Naturalmente, la caída del sector que había sido más dinámico empujó al resto de la economía a la recesión abierta. La inversión se retrajo rápidamente. También el consumo, a raíz del aumento de la desocupación, y de la necesidad de los hogares de bajar sus niveles de deuda. Pero dada la caída del producto, a medida que la crisis se profundizó, aumentó el peso de las deudas. A mediados de 2011, la deuda a los bancos del sector inmobiliario equivalía la 30% del PBI; la deuda de la construcción al 10%. A fines de 2011, después de casi cuatro años de crisis, y con los precios en baja, había unas 700.000 viviendas sin vender. Por entonces se calculaba que el 26,3% de los hogares tenía deuda hipotecaria, y que la media de la relación deuda/ingreso era del 104,7% (datos del FMI y diversas notas de The Economist). Las empresas también estaban fuertemente endeudadas, y no solo las vinculadas a la construcción y lo inmobiliario. Excluyendo este último sector, la deuda corporativa española equivalía, también a mediados de 2011, al 143% del PBI. Los ratios deuda/flujo de caja y deuda/activos de las empresas españolas eran más altas que los promedios en Europa. Además, la posición inversora internacional neta de España se deterioró rápida y dramáticamente en el curso de pocos años. La posición inversora internacional neta es el resultado de la suma de activos menos pasivos. En estos momentos representa el 90% del PBI (a fines de 2008 todavía era 30%). Una parte muy importante está conformada por los pasivos de los bancos (inversiones de cartera del exterior). Esto explica la desconfianza de inversores internacionales; muchos bancos internacionales han estado reduciendo su exposición en España (y en otros países europeos en problemas). Pero esto agrava, inevitablemente, la situación de los bancos, y repercute en el resto de la economía.

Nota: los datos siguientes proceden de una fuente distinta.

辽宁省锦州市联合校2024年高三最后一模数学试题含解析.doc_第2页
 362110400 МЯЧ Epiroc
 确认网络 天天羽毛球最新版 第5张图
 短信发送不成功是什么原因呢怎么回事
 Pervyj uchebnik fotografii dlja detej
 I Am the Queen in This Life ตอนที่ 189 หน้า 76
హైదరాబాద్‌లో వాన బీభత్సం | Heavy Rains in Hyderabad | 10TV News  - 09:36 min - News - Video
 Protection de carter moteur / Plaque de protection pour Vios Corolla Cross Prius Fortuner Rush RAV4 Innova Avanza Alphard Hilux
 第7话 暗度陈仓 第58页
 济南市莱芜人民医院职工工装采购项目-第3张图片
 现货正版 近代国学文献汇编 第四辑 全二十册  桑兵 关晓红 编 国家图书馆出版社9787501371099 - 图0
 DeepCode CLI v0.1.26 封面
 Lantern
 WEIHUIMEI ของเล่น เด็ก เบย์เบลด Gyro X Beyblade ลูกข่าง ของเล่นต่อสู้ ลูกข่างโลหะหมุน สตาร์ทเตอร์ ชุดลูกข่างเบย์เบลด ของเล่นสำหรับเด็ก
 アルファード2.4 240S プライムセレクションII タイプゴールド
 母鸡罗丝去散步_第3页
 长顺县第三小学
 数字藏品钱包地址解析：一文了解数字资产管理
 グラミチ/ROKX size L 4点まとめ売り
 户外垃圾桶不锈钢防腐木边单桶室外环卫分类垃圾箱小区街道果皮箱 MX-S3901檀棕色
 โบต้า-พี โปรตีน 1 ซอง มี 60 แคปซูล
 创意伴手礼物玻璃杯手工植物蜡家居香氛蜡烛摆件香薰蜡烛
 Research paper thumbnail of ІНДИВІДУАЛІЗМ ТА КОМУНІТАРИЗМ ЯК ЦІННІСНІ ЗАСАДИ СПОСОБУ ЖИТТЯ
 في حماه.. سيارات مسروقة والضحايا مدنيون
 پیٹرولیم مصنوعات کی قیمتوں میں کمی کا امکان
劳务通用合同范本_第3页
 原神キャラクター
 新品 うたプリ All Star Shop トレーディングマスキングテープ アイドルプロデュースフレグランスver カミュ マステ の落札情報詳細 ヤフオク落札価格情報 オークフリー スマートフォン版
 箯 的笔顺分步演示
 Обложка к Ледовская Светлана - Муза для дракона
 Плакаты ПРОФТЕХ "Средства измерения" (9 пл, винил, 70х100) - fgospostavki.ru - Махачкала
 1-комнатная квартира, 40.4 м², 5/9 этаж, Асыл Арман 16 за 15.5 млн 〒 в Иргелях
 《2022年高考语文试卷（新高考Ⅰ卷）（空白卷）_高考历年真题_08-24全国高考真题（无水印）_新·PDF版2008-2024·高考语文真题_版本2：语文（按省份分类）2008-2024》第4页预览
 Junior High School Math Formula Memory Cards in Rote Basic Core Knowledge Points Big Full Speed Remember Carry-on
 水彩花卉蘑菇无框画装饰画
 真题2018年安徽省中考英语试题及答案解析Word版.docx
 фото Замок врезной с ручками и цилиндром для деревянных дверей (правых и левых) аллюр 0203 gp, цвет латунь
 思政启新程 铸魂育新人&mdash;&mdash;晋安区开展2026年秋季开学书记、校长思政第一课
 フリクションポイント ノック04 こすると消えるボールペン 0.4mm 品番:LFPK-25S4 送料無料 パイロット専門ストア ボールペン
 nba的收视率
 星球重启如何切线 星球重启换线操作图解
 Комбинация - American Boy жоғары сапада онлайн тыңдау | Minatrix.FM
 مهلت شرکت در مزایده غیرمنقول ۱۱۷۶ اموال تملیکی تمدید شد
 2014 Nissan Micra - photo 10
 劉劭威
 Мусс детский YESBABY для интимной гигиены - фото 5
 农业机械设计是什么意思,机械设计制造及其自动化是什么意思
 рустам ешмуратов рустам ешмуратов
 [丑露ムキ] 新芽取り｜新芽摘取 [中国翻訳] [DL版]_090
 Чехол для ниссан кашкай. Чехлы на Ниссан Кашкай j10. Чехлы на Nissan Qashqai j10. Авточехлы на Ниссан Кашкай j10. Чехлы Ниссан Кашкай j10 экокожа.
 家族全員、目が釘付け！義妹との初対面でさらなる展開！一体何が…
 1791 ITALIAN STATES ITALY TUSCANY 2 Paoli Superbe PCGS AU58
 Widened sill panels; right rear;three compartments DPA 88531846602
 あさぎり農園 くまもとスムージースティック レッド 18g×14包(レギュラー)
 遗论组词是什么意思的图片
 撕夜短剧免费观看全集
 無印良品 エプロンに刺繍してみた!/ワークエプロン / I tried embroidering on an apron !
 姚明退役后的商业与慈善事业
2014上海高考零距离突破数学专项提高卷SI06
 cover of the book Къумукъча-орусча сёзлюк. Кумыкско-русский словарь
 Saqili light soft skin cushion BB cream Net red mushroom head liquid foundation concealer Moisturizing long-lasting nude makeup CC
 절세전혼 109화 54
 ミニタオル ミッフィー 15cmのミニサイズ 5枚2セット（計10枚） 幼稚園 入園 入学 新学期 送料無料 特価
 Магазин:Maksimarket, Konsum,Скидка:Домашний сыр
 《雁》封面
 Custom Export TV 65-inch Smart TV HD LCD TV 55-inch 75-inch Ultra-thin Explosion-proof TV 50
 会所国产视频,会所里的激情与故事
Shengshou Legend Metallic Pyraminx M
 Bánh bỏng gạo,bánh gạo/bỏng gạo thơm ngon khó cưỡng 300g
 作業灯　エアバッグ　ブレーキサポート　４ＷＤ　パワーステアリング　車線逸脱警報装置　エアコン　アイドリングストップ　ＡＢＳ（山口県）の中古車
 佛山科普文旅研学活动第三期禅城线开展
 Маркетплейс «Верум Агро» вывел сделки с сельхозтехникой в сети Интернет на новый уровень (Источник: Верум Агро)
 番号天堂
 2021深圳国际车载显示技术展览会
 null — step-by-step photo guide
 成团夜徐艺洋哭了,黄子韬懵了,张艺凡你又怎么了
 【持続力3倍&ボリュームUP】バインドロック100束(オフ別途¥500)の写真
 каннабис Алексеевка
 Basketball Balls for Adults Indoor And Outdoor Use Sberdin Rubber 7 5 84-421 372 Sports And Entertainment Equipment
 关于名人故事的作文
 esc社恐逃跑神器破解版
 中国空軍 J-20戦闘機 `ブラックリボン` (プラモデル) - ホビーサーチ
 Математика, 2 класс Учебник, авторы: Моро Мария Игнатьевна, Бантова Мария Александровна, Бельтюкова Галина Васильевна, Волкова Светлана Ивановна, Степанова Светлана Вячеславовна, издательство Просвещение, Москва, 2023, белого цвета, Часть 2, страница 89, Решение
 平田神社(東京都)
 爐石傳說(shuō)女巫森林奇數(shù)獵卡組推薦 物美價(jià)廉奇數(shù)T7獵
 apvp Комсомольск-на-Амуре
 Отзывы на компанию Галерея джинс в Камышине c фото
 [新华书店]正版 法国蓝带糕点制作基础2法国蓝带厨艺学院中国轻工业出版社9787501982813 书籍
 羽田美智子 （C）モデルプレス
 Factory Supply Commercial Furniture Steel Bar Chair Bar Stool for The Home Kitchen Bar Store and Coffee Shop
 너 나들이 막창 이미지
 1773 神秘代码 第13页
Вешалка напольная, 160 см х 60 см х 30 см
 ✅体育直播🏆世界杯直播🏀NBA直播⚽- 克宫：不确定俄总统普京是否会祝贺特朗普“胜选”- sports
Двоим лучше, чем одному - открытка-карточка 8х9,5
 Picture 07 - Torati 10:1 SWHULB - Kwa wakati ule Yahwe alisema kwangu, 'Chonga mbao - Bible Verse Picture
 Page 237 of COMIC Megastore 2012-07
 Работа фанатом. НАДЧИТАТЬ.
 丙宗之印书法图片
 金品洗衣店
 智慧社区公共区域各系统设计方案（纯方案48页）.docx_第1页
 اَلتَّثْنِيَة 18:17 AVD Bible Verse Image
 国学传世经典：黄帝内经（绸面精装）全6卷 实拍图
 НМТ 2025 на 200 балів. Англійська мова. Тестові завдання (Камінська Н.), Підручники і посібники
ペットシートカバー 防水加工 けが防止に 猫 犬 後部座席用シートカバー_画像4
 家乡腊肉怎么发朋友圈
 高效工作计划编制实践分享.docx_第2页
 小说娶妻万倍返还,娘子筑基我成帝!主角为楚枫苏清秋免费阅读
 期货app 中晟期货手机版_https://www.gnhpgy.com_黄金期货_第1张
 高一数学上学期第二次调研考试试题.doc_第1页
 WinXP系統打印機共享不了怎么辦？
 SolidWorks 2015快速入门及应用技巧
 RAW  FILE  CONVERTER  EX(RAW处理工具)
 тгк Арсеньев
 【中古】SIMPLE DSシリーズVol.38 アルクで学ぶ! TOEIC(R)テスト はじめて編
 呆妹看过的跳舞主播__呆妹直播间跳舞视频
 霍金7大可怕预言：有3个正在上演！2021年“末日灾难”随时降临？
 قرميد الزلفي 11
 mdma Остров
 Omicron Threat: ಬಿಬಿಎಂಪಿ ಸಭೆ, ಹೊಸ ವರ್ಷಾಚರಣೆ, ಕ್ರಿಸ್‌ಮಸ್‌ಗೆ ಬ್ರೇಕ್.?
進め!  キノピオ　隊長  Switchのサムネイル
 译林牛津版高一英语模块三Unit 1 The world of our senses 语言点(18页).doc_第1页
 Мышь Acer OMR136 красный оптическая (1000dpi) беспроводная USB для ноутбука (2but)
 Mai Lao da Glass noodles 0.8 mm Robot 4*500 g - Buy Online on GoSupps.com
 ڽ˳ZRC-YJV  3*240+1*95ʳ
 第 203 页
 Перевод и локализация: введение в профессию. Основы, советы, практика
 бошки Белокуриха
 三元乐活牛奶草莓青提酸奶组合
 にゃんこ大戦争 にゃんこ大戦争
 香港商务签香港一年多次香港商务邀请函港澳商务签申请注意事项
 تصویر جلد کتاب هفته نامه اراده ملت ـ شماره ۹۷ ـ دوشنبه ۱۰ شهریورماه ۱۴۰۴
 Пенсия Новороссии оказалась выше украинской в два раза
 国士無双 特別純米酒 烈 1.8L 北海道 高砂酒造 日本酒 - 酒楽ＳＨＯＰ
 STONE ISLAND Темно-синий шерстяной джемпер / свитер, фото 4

Historias semejantes pueden contarse de Grecia, Irlanda y Portugal (en Italia, la deuda es principalmente pública). A pesar de las fuertes recesiones, o la depresión económica, se mantienen altos déficits de cuenta corriente, y también fiscales. El caso griego es tal vez el más grave: después de una caída del PBI superior al 15% desde que se inició la crisis, y de haber mandado a pérdida deuda soberana por unos 100.000 millones de dólares, Grecia hoy tiene un déficit público equivalente al 6,5% del PBI, y un stock de deuda que equivale a una vez y media el tamaño de su economía. Y para obtener financiamiento de las instituciones europeas, Grecia es obligada a apostar por el abismo de la deflación. Con las diferencias particulares, lo mismo le está sucediendo a España y a otros países en crisis. No es de extrañar que los pueblos se rebelen; aunque esta rebelión se exprese en el voto a variantes políticas que, en su gran mayoría, no cuestionan de alguna manera radical al sistema capitalista.
Ajuste sin fin, depresión y crisis financiera
La política deflacionista que ha impuesto Alemania está terminando en la auto-derrota. Es que con la recesión, cae la demanda; por lo tanto, aumenta el déficit fiscal (cae la recaudación, aumentan los pagos por desempleo y los subsidios a bancos y empresas); el aumento del déficit fiscal lleva al aumento de la tasa que debe pagar el gobierno para endeudarse. En el intento de bajar esa tasa, el gobierno lanza un programa de ajuste del gasto. Pero con esto restringe aún más la demanda y el producto, agravando entonces el déficit y las dificultades de financiamiento en toda la economía. En este marco, aumenta la preferencia por mantenerse líquido: las empresas y los hogares restringen los gastos de inversión y consumo, lo cual hunde más la demanda, y la ronda vuelve a empezar. Esta dinámica puede verse en el caso de Italia y su relación deuda/PBI. El gobierno italiano (conformado por “técnicos” y “expertos”) intenta bajar esa relación, pero al bajar el gasto, baja la demanda y el PBI, de manera que la relación no baja. Por lo cual, aumenta el interés que los inversores exigen por prestar a Italia; lo que lleva al aumento del déficit (al pasar, el presupuesto primario italiano es superavitario); y la ronda se realimenta. También en España: el gobierno se había comprometido este año a bajar el déficit desde el 8,5% del PBI (en 2011) al 4,4%. Esto hubiera supuesto un ajuste del gasto por 45.000 millones de euros, (esto es, una detracción importante en la demanda) en una economía que ya se está contrayendo. El gobierno dice entonces que no puede cumplir el objetivo, y lo “modera” al 5,3% de déficit. Pero es una caída del gasto de “solo” 29.000 millones de euros. En medio de la depresión, de la caída de la inversión privada y el aumento de la desocupación, el PBI entonces cae más todavía. En consecuencia, ahora tampoco se puede cumplir el objetivo de un déficit del 5,3% del PBI.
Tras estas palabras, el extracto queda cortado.